No Ministerial Declaration in WTO Dec Meet?
With barely two weeks left until the WTO Ministerial
Conference, potential outcomes for the three-day event are now beginning to
emerge.
The draft decisions expected to move forward for
December include a continuation and extension of the work programme on small
economies established in Hong Kong; an extension of the prohibitions on TRIPS
non-violation complaints and e-commerce tariffs; LDC accessions; an LDC
services waiver; the outcome of the Trade Policy Review Mechanism Fourth
Appraisal; and an extension of the mid-2013 deadline for LDCs to comply with
the Trade-Related Aspects of Intellectual Property (TRIPS) Agreement.

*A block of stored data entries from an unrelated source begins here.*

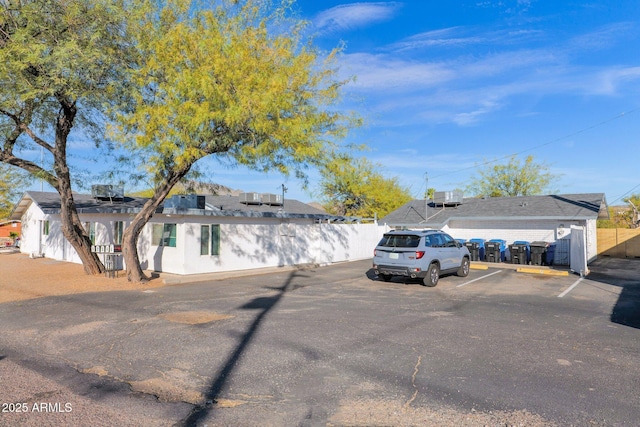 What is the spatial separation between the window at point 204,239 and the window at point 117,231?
15.0 ft

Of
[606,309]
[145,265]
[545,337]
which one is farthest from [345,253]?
[545,337]

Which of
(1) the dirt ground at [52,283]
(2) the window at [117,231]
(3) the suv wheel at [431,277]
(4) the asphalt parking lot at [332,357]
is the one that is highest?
(2) the window at [117,231]

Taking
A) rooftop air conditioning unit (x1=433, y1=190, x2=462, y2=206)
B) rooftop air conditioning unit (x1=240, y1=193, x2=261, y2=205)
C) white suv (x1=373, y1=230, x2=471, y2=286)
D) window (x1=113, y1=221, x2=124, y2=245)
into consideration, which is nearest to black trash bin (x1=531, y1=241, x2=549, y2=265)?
rooftop air conditioning unit (x1=433, y1=190, x2=462, y2=206)

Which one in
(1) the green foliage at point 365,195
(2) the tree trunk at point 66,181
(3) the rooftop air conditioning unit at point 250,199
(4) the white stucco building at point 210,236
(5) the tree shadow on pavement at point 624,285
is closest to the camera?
(5) the tree shadow on pavement at point 624,285

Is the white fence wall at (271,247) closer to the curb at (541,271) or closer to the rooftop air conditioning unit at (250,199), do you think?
the rooftop air conditioning unit at (250,199)

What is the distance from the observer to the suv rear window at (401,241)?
13031mm

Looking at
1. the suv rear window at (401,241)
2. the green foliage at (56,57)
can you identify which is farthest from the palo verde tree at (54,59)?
the suv rear window at (401,241)

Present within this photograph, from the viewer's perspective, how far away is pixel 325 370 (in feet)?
18.1

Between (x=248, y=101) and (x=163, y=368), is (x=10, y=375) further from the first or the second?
(x=248, y=101)

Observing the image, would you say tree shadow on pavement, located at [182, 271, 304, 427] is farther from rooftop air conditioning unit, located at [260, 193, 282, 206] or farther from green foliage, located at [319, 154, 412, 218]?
green foliage, located at [319, 154, 412, 218]

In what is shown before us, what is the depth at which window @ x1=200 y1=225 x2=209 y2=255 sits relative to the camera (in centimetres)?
1600

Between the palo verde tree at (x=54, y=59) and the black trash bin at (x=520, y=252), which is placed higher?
the palo verde tree at (x=54, y=59)

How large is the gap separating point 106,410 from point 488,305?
8.62 metres

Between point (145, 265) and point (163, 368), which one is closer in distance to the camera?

Both the TRIPS non-violation and e-commerce
decisions have already featured regularly at previous ministerial gatherings.
In the case of the former, TRIPS non-violation
complaints concern whether countries should be allowed to bring trade disputes
on the grounds that the spirit of the WTO’s TRIPS Agreement has been breached,
rather than just the letter of the organisation’s intellectual property rules.
A five-year prohibition on such complaints was put
in place at the WTO’s founding in 1995, and has been extended repeatedly at
ministerial conferences ever since.
At the last ministerial in 2009, ministers had also
agreed to extend the latter moratorium on e-commerce tariffs, which deals with
tariffs on goods sold for online download, such as songs or films. A ban on
such tariffs has been in place since the 1998 ministerial conference.
No declaration, only outcome document
The December gathering, rather than attempting a
full-fledged ministerial declaration, will instead focus on having a chair’s
statement as the outcome document, taken on the ministerial chair’s own responsibility.
The first part of the document is expected to
include those elements in which ministers have reached a consensus; the
contents of this section are the subject of today’s General Council meeting,
and are expected to be finalised within the coming hours.
The second part of the document will be determined
at the ministerial itself, featuring a summary of those items that trade
ministers decide to bring up at the actual event.